In some places, there is an explanation about the Church being people and not a building. There is usually some spiritual lesson on the people of God taking the message of Jesus to the streets. While I understand the sentiment, I do find the concept flawed.

The Church I lead has two worship programs over three hours on Sunday morning. Some people come to serve in one and worship in the other. Other people have a small group time during one and worship during the other one. Another group serves both programs as part of our worship program. These groups are in the building for three hours total on Sunday. The vast majority come to one program and worship and then go home. They are giving a total of one hour in the Church building.

The community of believers has no problem going out into the world. Our most committed believers will spend 165 hours of their week out in the world. The average person will spend 167 hours outside of the building. The overwhelming majority of their time will be spent outside of the building. The issue has never been getting people to go out into the world.
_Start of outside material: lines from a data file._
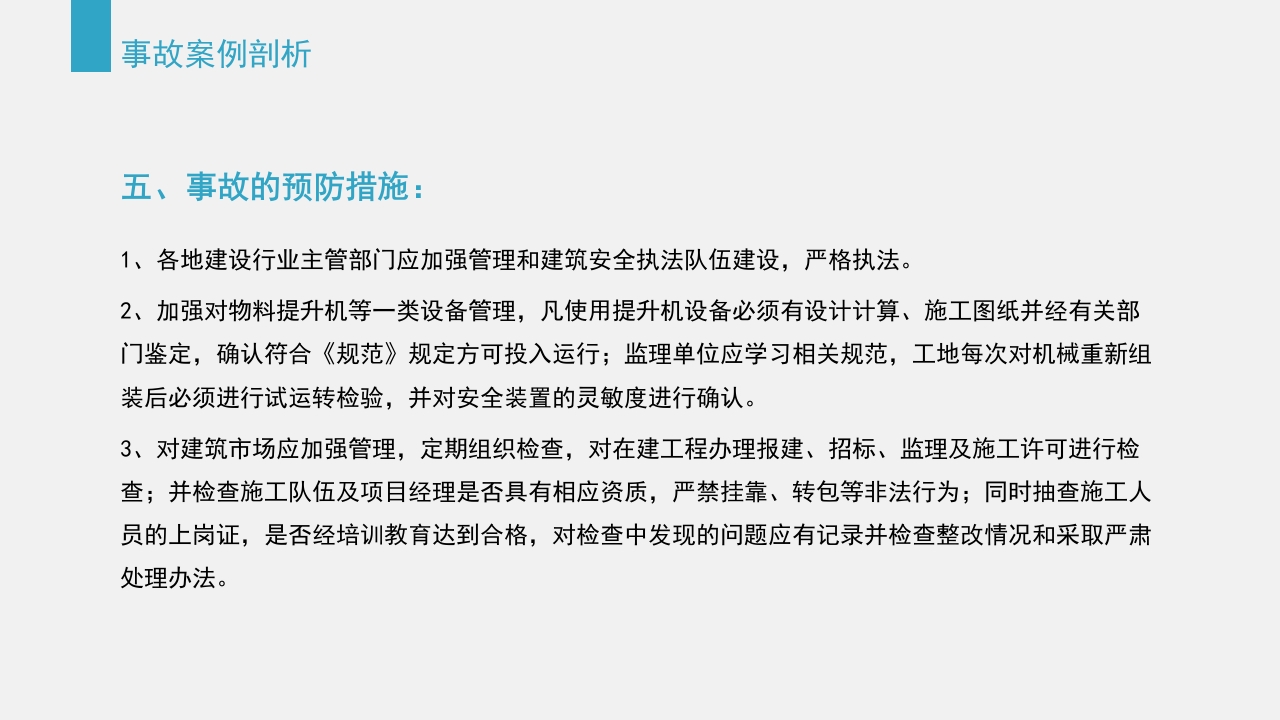 典型建筑施工生产安全事故警示教育PPT课件66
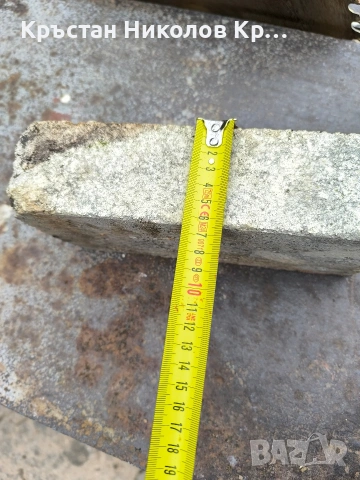 Огнеупорни тухли 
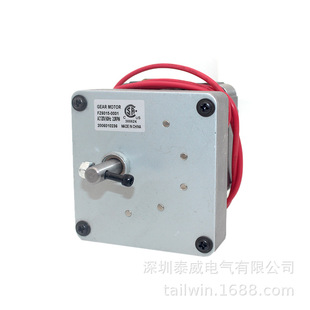 Pitboss wood grain oven grill barbecue motor feeding Motor Motor replacement parts specially equipped with 2. 0rpm120v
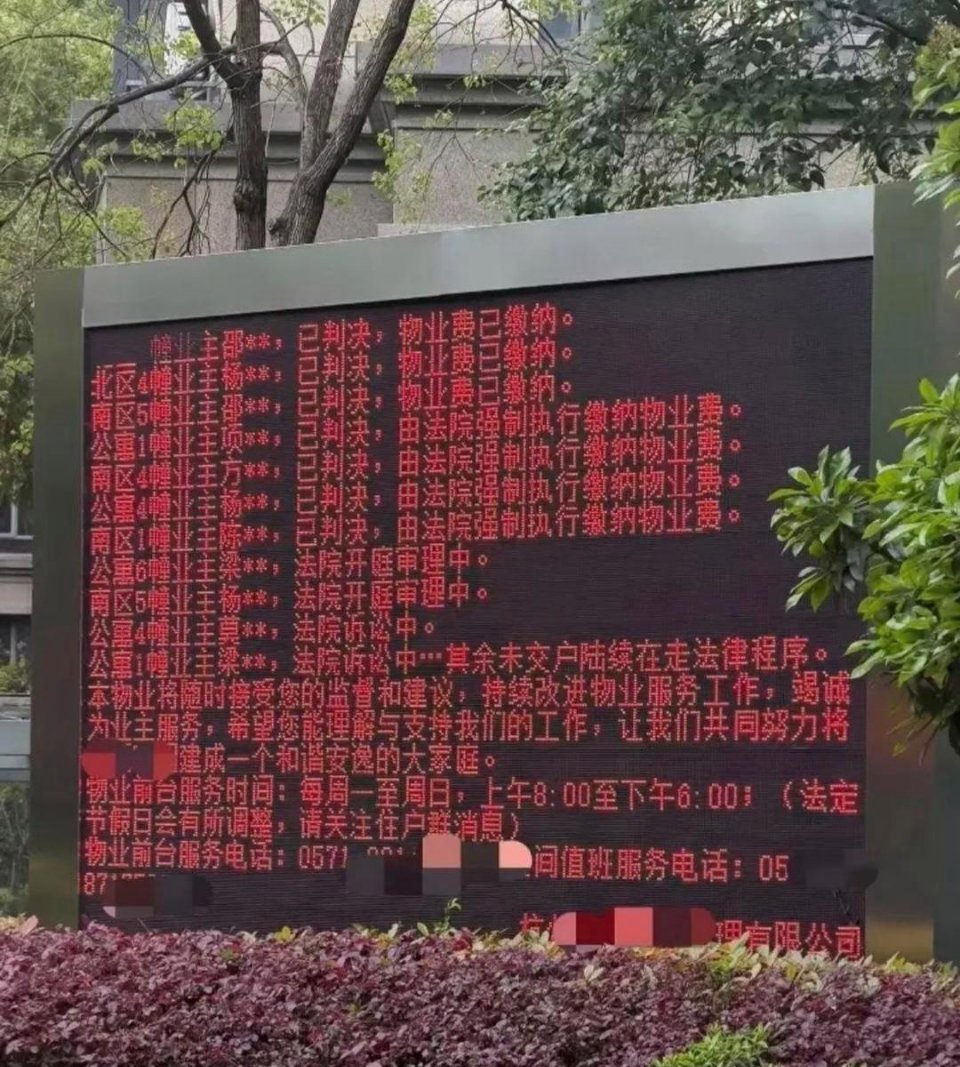 这物业是个狠人啊不敢惹 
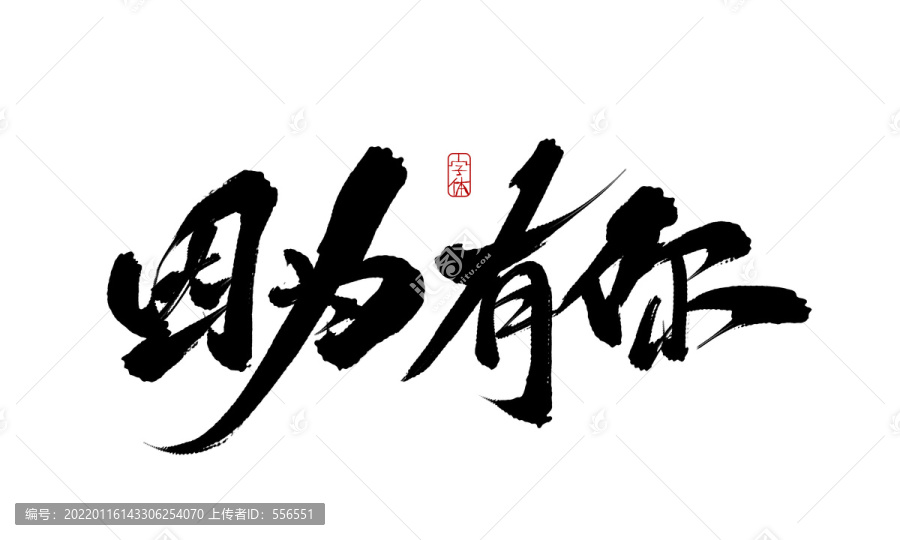 因?yàn)橛心? title=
The most difficult part of the Church is getting people to gather in the building together. The challenge is to get the people of God to leave the world and set aside time for corporate worship. The writer of Hebrews tells the people “not to give up meeting together as some are in the habit of doing (Hebrews 10:25).” Missing worship is so easy; it can be habit-forming.

I agree that the Church is not a building, and living out your faith “in the real world” is essential. Don’t forget that one of the things God desires of us is to form a new community of faith with the people who follow Jesus. We are a “one another” people who spend time in worship as we invest, encourage, challenge, teach, rebuke, correct, love, and connect with each other.

My phrase of “The Church is meeting for worship, and you should be there” will never be as famous because it will require everyone to make an effort to be at worship. Just because it is not popular does not make it any less accurate.